I started to question readers’ expectations a few months ago when someone wrote a letter to the editor of the San Antonio Express News complaining about David Brooks’s column. Brooks, a syndicated columnist from the New York Times, has always been my favorite conservative commentator, so you can imagine that it wasn’t his politics that south Texas readers were complaining about. It was his language. Words. Too big. Why do you run his column if we can’t understand it?
I was further embarrassed this weekend, when San Antonio’s ombudsman Bob Richter felt forced to write a column to assuage the ire of E-N readers, inflamed this time by the story about President Bush getting a shoe thrown at him by an Iraqi journalist. We all know it by now, as front page headlines and nightly news programs featured the story for days.
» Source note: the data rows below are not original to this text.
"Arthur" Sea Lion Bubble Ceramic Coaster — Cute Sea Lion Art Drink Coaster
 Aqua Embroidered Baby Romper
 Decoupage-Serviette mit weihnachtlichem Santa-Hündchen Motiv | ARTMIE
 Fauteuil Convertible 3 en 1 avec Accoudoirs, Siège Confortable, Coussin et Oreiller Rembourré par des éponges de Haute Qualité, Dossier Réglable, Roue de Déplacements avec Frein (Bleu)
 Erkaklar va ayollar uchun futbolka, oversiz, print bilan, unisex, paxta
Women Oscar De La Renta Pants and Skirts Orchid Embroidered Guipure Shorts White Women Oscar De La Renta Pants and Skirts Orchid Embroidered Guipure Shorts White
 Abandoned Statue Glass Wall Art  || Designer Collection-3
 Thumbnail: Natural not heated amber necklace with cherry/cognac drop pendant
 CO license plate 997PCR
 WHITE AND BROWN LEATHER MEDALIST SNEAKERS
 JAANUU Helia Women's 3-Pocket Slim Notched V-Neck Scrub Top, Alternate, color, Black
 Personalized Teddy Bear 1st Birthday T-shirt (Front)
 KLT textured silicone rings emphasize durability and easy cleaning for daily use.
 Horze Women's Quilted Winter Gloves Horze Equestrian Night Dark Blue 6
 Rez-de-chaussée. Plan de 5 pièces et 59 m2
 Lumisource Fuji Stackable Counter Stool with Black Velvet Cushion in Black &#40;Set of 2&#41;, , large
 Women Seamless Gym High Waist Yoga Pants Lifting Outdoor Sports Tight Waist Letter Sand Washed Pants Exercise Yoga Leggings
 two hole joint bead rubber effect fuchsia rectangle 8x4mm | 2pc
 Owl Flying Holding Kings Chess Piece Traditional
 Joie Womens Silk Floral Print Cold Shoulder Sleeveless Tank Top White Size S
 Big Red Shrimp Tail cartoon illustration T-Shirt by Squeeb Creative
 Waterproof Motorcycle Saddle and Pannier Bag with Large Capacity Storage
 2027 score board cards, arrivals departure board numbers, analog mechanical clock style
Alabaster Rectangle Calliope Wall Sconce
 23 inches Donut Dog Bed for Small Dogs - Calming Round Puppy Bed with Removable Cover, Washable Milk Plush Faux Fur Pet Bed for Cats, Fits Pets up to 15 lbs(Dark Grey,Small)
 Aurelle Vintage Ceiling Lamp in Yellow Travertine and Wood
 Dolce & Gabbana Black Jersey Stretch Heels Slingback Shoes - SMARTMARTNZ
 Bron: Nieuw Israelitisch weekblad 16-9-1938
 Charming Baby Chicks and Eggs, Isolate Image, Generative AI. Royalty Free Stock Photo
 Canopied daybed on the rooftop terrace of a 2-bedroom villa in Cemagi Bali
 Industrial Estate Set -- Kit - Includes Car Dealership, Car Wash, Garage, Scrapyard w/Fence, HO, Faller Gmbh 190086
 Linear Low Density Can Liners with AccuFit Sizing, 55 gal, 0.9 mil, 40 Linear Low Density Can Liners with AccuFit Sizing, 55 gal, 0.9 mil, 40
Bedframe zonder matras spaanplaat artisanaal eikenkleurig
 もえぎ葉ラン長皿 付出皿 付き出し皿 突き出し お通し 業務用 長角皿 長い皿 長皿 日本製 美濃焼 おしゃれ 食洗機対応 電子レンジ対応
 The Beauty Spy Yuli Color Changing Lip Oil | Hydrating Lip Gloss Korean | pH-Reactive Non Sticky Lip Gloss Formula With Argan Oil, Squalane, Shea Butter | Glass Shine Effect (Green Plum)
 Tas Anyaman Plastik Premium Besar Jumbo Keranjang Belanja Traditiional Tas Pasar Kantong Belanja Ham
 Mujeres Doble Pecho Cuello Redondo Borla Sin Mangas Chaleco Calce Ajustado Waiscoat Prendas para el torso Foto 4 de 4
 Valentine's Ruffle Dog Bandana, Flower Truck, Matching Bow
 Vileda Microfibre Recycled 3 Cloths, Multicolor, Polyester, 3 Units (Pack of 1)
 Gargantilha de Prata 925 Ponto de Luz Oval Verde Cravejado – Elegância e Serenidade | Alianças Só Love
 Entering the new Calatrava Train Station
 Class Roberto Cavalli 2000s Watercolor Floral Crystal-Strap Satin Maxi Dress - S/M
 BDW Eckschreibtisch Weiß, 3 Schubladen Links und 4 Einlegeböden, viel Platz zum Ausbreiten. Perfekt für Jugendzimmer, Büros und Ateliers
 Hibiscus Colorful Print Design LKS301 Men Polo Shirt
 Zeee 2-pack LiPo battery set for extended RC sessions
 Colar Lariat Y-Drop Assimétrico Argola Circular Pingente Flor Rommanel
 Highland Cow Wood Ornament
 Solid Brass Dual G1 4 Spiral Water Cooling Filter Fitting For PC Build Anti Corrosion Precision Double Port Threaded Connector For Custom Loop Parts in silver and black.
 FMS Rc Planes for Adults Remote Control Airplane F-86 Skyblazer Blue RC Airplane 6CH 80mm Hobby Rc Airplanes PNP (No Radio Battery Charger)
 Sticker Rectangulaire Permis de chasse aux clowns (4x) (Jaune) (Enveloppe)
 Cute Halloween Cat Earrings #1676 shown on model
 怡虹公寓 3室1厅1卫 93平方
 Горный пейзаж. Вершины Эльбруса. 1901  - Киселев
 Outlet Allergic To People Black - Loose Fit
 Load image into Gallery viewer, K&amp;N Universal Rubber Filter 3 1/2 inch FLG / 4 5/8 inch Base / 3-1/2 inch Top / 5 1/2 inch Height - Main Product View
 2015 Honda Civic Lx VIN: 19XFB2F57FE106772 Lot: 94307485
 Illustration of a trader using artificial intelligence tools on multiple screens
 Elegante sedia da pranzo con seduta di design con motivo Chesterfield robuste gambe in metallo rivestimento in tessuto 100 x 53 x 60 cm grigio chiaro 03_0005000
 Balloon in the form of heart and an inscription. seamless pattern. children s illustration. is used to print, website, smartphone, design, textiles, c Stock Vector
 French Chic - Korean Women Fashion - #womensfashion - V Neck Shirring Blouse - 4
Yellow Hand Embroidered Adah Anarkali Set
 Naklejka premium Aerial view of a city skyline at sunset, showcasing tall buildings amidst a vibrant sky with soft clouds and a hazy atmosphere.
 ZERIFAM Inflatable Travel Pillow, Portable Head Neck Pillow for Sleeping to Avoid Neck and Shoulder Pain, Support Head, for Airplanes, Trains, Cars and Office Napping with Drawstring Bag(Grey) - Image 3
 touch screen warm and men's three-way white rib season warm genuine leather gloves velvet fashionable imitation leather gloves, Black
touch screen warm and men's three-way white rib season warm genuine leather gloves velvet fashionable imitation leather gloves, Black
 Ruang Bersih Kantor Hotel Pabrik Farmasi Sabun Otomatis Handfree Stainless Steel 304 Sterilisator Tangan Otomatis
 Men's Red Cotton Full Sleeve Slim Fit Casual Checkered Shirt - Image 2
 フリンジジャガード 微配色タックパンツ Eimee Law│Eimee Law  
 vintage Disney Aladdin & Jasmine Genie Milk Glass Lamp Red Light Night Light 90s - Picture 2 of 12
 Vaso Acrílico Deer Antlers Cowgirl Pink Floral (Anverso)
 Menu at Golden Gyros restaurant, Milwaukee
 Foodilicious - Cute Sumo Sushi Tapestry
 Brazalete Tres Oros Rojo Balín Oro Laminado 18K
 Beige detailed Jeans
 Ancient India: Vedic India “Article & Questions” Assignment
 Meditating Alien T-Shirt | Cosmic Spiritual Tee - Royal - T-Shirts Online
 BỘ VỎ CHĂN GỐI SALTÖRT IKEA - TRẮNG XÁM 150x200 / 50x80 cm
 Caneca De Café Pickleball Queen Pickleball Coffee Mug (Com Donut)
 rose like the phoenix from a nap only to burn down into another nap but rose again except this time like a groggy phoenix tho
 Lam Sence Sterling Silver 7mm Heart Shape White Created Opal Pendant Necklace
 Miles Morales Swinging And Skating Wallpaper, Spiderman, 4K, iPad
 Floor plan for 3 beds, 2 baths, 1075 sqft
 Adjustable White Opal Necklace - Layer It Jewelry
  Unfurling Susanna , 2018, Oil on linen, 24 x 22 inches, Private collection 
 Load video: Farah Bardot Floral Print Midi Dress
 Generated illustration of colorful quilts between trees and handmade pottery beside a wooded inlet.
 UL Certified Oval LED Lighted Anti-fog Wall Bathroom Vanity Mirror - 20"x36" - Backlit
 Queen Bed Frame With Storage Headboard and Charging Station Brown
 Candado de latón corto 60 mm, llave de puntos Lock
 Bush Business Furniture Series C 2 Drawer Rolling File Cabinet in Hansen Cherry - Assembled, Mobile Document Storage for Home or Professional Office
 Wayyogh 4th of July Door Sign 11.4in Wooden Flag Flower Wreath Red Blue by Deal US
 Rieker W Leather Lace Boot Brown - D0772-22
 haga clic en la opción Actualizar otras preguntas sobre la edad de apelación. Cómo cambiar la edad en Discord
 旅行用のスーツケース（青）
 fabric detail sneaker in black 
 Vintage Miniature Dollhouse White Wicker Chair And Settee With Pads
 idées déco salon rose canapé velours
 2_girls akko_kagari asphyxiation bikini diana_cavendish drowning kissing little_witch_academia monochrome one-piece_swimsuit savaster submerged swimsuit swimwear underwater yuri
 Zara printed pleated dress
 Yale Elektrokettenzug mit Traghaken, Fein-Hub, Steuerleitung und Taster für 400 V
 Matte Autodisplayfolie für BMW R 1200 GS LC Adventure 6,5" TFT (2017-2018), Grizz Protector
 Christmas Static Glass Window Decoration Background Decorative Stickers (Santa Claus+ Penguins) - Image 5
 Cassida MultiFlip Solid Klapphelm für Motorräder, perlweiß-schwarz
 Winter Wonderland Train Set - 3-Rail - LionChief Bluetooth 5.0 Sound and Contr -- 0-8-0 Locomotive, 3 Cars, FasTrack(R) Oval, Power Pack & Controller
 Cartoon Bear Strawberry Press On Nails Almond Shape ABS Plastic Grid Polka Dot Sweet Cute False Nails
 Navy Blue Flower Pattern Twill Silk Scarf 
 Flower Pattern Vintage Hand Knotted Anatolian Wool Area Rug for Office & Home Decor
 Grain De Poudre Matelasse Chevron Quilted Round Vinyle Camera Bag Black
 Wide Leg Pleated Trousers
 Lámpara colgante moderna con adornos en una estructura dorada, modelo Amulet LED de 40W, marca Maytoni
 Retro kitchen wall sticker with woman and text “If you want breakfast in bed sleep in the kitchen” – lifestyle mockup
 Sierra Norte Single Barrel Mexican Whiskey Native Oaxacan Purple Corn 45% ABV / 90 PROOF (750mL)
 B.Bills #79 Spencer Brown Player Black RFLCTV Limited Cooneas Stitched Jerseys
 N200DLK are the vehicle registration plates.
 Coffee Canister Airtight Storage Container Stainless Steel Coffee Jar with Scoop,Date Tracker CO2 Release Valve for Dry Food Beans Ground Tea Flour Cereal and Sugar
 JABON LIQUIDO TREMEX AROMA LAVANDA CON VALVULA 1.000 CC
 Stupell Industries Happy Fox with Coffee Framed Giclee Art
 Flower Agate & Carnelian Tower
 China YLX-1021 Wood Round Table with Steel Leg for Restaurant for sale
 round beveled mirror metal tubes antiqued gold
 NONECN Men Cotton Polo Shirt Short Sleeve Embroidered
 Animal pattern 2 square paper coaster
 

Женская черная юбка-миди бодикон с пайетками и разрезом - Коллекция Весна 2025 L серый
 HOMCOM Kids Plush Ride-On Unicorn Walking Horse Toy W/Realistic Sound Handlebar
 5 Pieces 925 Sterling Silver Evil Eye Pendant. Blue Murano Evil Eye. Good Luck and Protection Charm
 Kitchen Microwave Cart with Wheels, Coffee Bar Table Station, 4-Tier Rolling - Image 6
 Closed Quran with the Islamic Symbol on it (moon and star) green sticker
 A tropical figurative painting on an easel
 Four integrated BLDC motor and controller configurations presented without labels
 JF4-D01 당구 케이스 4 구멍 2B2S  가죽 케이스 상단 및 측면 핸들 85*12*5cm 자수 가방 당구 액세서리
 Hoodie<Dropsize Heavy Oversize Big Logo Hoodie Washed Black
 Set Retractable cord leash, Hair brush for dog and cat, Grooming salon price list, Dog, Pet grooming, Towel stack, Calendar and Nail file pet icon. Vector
But several people had written into my hometown paper complaining that the story should not have been on the front page of the paper, or in it at all.
Our news literacy in this county is already abysmal, and would be made worse if newspapers canceled an intelligent column because readers don’t own a dictionary and don’t want to read things that challenge them, or if national news was tucked away and under-reported because it might embarrass someone or enlighten them to a harsh reality.
The Pew Research Center offers a 10-question news IQ test that demonstrates why we can’t let newspapers slip away, and why the contemporary news culture of tailoring our consumption to our political views can be dangerous. I scored a 10 out of 10 on the test (which asked about big, well-covered news items) placing me in the 93rd percentile. The national average is a whopping 50 percent.
I was raised to view reading the newspaper as a learning experience. As a child, it expanded my worldview and my vocabulary. It taught me about different viewpoints, which in turn helped me to develop my own. I fear the day people can wholly refuse to be aware of any news they care nothing about, living in a hazy, partisan oblivion of laziness and self-absorption. I call it “news anarchy” (a state of disorder resulting from the nonrecognition of relevant news).